Enfin vu: l’excellent Dogtooth de Giorgos Lanthimos. (Il y a une bonne analyse ici, attention aux spoilers.)

Je serai bref: la Coalité pour la Liberté en Éducation (CLÉ), dans ses communiqués, sur son site ainsi que dans des commentaires/menaces laissées sur des blogs, met toujours de l’avant l’argument selon lequel ce sont « leurs enfants », ils ont le droit d’éduquer « leurs enfants » comme ils le veulent. Les expressions « leur enfant » ou « leurs enfants » se retrouvent cinq fois sur la page décrivant la mission de la CLÉ, qui dénonce notamment le fait que « Les parents ont perdu le pouvoir de décider pour leur enfant« . (emphase dans le texte).

C’est exactement le même argument que pourrait évoquer les parents cinglés du film Dogtooth, qui est au fond un film qui effectue un gros reduction ad absurdum de cette variante perverse déterminisme culturel (et de son proche cousin, le relativisme culturel) souvent aperçue dans le discours anti-laïque. L’analyse du blog mentionné au début vise juste:

Dogtooth starts by redefining common nouns in an absurd way.  Since we know only a tiny slice of the family’s private vocabulary, this immediately puts us on edge.  We realize that we might decode the dialogues that follow differently than the characters do, a suspicion that’s soon confirmed when the youngest daughter asks her mother to pass her the “phone” when what she really wants is the salt shaker.  But Dogtooth isn’t concerned with abstruse linguistic philosophy or with meaningless insights about the arbitrariness of signifiers; it’s concerned with reality.  Not with the mechanics of how we come to know and understand reality, but with the deep emotional and moral impulse to break through lies and deceit.  We immediately sense and feel that what the parents do to the children is wrong; even if the kids are well-fed, protected, and perfectly happy in their walled estate, we know that they have been abused and degraded by being kept apart from reality.  We hate the Mother and Father for imprisoning them, and root for the offspring to break through the walls that surround them.

En écoutant le film, on a ce malaise, cette réaction provenant des tripes et qui crie « C’EST MALSAIN CETTE FAMILLE, C’EST DÉBILE! » mais dans une perspective relativiste, tout cela se tiendrait.
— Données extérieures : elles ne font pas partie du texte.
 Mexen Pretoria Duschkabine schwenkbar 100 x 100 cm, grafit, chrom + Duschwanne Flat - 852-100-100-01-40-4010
Car c’est seulement selon la moralité de l’au-delà-de-la-clôture qu’on peut juger défavorablement ce qui se passe dans l’enceinte.

Un commentaire

  1. Durandal

    L’article 2.2 de la Loi sur la Protection de la Jeunesse (L.R.Q.) stipule que : « La responsabilité d’assurer le soin, l’entretien et l’éducation d’un enfant et d’en assurer la surveillance incombe en premier lieu à ses parents.

    L’article 2 du Protocole additionnel à la Convention de sauvegarde des Droits de l’Homme et des Libertés fondamentales, dont nous sommes signataires, stipule : « L’État, dans l’exercice des fonctions qu’il assumera dans le domaine de l’éducation et de l’enseignement, respectera le droit des parents d’assurer cette éducation et cet enseignement conformément à leurs convictions religieuses et philosophiques. »

    Bref que l’État cesse d’outrepasser son mandat, que l’école publique (financée par les parents !) cesse de se prendre pour des missionnaires nouvel-âge et qu’elle fasse ce pour quoi elle est conçue : apprendre à lire, écrire, calculer, et connaître l’histoire nationale.